I’m back from the comic shop this week and I got no new comics but I did get a rather expensive hard cover collection:

  • “The Sword: The Complete Collection Deluxe Hardcover”
  • And now for a review of something I’ve read recently.

    “Union Jack: London Falling” by Christos N. Gage and Mike Perkins

    Here is another trade paperback collection pulled from the pile of Marvel TPBs that a friend gave me. It collects the first four issues of “Union Jack” from 2006.

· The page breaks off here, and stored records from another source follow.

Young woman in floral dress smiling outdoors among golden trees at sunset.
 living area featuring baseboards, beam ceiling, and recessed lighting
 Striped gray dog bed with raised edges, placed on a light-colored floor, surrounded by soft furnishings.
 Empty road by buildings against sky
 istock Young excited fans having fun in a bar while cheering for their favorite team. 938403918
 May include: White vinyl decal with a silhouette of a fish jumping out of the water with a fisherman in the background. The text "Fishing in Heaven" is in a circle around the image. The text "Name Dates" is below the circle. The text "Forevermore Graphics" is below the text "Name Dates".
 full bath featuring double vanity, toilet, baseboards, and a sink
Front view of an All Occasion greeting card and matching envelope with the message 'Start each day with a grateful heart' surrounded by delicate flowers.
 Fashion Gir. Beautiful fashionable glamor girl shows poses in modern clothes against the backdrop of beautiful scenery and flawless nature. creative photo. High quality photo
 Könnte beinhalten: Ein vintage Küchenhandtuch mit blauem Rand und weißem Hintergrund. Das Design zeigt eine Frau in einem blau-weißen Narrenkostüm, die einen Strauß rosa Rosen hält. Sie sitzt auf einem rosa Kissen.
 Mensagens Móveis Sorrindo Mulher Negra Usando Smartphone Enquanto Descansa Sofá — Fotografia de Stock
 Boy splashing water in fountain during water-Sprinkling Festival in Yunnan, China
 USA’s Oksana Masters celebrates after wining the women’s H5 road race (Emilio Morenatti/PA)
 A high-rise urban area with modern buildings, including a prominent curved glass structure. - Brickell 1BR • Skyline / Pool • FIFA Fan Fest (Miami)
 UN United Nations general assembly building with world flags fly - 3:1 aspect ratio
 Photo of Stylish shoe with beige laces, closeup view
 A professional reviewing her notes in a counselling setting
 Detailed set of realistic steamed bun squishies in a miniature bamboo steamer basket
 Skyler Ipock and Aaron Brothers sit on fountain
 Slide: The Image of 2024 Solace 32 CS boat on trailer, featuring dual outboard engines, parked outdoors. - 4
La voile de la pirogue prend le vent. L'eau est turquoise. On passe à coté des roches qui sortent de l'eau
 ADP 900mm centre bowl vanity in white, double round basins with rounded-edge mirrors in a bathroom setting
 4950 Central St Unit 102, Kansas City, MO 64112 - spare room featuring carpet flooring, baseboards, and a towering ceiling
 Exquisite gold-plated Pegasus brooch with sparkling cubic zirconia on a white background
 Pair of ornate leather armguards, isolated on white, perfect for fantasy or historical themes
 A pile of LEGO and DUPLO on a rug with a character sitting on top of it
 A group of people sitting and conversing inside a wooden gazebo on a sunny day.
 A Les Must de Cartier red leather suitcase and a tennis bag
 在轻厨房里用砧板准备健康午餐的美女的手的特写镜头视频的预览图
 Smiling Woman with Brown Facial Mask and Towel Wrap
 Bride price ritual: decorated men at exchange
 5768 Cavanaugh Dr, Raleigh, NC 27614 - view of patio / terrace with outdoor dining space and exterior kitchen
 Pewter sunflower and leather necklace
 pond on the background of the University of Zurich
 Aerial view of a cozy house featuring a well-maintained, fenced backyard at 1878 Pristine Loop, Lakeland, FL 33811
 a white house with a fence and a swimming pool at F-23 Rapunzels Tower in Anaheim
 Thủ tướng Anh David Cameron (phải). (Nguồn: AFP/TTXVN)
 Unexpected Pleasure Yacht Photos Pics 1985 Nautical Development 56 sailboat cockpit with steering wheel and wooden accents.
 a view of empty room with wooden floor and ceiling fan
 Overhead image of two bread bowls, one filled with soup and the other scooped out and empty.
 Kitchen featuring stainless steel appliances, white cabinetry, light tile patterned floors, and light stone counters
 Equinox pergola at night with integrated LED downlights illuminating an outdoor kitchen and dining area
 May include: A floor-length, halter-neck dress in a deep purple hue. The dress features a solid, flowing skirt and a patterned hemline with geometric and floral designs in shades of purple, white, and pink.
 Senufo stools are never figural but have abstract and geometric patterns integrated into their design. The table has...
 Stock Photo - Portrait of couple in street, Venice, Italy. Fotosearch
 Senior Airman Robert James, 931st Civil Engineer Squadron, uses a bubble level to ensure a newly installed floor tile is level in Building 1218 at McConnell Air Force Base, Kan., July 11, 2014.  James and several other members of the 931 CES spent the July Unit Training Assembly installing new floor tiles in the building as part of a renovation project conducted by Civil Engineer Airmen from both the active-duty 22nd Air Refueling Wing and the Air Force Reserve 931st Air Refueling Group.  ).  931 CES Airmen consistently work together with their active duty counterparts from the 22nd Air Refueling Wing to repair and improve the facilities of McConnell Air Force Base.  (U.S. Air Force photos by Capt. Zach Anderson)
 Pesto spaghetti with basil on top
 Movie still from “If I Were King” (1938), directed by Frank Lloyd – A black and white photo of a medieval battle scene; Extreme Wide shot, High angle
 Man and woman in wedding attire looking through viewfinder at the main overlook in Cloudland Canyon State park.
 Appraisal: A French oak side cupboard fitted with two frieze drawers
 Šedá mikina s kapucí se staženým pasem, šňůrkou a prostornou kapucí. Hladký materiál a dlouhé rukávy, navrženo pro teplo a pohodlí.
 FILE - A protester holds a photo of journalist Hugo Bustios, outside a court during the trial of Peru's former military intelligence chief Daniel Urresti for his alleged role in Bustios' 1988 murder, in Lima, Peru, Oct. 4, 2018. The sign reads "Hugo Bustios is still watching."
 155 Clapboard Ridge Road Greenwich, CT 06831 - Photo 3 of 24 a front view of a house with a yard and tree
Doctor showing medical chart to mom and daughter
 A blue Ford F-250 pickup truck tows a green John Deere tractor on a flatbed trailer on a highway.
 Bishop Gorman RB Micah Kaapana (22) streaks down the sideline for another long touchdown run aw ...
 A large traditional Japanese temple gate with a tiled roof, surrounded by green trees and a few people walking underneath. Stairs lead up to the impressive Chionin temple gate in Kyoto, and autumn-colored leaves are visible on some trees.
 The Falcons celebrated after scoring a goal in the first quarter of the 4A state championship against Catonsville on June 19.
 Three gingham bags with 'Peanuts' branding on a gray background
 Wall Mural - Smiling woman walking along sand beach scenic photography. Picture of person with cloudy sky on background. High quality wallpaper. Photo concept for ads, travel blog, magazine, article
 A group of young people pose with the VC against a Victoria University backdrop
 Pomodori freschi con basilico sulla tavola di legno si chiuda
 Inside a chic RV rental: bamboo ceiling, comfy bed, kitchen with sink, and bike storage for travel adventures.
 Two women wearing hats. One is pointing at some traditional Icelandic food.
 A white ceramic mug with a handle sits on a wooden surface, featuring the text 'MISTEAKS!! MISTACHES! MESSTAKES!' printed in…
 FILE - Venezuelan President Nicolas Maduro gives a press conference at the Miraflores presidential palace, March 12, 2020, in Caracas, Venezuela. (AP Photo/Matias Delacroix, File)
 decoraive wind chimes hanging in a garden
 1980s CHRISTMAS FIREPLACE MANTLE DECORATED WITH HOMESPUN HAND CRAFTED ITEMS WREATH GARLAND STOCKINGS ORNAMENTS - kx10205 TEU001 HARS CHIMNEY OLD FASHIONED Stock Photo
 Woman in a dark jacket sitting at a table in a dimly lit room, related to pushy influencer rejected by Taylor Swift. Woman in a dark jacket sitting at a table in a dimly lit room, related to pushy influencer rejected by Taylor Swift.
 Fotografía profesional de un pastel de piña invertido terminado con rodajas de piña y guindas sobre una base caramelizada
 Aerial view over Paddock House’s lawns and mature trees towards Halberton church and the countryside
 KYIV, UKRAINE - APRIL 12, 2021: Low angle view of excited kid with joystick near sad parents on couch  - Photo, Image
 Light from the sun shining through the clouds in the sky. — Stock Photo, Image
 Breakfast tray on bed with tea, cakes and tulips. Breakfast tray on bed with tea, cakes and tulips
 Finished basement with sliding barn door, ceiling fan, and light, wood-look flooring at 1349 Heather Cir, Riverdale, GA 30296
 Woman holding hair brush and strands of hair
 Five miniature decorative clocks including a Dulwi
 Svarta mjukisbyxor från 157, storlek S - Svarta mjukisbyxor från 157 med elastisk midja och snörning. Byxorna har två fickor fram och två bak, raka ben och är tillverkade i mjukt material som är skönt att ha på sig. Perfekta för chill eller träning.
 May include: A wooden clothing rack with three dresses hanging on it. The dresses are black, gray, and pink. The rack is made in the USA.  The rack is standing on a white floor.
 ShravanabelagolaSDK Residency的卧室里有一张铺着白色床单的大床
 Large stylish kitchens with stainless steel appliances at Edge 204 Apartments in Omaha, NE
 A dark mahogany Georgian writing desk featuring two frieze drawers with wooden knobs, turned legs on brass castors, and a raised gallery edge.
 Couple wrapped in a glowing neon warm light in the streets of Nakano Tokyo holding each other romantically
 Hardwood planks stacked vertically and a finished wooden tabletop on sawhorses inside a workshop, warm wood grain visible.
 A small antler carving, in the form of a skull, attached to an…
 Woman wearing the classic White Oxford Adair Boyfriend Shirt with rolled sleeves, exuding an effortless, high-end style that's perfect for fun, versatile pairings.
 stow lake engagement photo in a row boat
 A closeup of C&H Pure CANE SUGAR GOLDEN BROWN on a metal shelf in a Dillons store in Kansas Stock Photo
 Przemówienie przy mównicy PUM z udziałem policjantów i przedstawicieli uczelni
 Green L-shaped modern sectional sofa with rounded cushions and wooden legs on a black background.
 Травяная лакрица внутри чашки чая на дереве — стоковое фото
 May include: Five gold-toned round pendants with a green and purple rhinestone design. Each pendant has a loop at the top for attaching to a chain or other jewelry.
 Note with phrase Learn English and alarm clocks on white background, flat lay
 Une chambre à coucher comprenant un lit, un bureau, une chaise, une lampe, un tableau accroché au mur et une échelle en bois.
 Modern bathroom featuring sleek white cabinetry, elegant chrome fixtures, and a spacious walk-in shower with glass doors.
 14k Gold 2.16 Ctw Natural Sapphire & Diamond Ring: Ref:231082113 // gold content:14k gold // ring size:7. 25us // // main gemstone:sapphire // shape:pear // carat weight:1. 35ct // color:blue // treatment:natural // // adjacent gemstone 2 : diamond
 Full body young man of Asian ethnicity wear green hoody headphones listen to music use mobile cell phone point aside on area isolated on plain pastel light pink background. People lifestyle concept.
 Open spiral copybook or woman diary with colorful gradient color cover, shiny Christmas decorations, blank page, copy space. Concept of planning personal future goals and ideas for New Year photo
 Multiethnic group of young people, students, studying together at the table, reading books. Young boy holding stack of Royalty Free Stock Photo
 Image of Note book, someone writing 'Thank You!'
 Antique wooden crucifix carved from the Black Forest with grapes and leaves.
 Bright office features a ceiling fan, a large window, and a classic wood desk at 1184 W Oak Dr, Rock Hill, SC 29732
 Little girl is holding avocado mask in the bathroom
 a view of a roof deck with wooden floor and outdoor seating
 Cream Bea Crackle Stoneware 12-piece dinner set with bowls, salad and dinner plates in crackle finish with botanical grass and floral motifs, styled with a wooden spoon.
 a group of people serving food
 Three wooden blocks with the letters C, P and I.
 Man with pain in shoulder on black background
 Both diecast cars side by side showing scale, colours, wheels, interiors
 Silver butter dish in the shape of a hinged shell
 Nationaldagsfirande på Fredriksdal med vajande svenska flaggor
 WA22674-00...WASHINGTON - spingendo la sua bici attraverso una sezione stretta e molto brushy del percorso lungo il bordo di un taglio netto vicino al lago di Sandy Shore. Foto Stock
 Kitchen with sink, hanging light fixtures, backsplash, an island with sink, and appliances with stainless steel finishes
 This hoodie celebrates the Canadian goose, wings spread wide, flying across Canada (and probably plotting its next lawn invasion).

    Union Jack is an English super hero who has worked, in the past, for British secret intelligence or whatever spy agency they got over there in the U.K. Marvel universe. In this story, though he is no longer active with the spy agency, he is called upon to help defend London from terrorists. Super villains who were hired as terrorists to be precise. Union Jack teams up with a few other no name super heroes/agents from around the world to make an international team.

    I’ve seen Perkins’ art before and it’s usually pretty good. He uses an illustrative photo realist style that falls just a little short of some of the top shelf photo realistic guys out there. Still, next to top shelf is good enough for me and he tells a good story. He would have been helped out if the coloring was a little bit better too. Not that it was terrible either. Despite these criticisms there is nothing wrong with the art. It’s good stuff.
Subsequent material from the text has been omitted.